Apart from the fact he’s not driving a gold-colored Corniche, you’d never be able to tell Rick Davis was a football player. Soccer players don’t run to Brobdingnagian dimensions. Nobody is called “Hoss,” or “Bubba,” or “The Refrigerator.” Even the great Pele would have been able to make the welterweight limit.

Rick Davis is 5-foot-7, 155 pounds. The Raiders would use him at cornerback. But they might not want him. He has no police record, he’s never busted up a bar, assaulted a motorist or even been caught speeding. But he’s tough. You have to be to play soccer. There’s no padding, no substitution (to speak of, you’re allowed two a game, even if the starter gets killed). The game is 90 minutes long and is played on a field just smaller than Rhode Island which means you can be in for a 10-mile run in an afternoon.

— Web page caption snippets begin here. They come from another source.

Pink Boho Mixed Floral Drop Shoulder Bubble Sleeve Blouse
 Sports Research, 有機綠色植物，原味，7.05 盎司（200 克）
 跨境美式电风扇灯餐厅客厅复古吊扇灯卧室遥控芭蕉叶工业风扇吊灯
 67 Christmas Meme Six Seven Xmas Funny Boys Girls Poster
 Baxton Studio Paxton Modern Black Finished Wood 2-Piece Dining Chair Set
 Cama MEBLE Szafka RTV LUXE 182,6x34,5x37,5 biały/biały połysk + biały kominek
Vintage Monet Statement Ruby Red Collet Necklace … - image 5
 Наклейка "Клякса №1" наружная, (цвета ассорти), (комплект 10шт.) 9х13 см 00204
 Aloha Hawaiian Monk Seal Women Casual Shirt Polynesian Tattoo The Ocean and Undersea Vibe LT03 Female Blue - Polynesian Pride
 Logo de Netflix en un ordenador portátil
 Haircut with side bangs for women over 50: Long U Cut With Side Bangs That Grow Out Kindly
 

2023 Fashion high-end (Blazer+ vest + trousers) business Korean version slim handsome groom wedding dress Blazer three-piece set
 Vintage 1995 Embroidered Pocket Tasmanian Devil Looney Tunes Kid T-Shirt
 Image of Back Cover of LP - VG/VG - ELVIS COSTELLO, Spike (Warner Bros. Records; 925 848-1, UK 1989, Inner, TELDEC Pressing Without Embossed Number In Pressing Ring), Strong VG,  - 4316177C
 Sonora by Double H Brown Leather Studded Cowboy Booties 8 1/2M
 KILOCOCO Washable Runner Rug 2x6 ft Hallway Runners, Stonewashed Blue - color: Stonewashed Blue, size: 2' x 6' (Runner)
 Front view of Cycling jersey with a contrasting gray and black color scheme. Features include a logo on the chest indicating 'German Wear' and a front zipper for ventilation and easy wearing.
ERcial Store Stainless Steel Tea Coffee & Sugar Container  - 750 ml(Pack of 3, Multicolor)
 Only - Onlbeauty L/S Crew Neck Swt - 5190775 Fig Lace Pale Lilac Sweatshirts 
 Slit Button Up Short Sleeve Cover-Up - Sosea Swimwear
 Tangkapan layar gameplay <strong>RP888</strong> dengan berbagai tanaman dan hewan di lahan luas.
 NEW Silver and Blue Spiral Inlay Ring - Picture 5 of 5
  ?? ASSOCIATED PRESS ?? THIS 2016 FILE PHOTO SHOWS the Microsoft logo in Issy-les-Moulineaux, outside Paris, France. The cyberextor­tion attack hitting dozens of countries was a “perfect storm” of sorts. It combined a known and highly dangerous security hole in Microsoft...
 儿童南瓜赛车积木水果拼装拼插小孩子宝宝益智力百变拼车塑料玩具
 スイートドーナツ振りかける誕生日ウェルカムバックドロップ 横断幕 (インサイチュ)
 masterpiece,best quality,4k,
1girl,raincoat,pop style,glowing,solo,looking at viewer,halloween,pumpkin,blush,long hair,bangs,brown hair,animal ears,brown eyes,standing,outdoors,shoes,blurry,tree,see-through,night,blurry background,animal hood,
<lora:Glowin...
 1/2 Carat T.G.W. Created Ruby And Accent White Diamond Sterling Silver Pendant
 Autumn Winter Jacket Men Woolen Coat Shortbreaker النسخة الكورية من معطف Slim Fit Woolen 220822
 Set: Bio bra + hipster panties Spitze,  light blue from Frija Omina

Play is continuous. There are no TV timeouts. Although there are supposed to be no more than 11 men on a side, the ranks are sometimes swelled by 10,000 for one team as the United States found out when it played El Salvador two years ago. The spectators got in the act, even throwing Molotov cocktails at the Amis. It was nothing personal, the Salvadoreans did it to their compadres, the Honduras team, too, to the point the game had to be suspended with four minutes to play and the National Guard called in. This has resulted in a temporary postponement of the El Salvador-USA World Cup qualifying match.

Rick Davis, who has played for the New York Cosmos and the indoor soccer league (St. Louis Steamers, Tacoma Stars) thinks Americans could become a World Cup power. There are thousands of Peles in this country, he believes. The trouble is, most of them have a basketball or a bat in their hands or are wearing a T-shirt that says “Property of USC Football.”

On Aug. 10 and 13 in the Marlboro Cup at the L.A. Coliseum, the American national team will get some gauge on how far it has to go when it meets the powerhouse Juventus Club from Italy. Juventus is sort of the Chicago Bears of European football. Six of its players were on Italy’s victorious 1982 World Cup team. The winner of USA-Juventus on the 10th will play the winner of Mexico-South Korea in the final on the 13th.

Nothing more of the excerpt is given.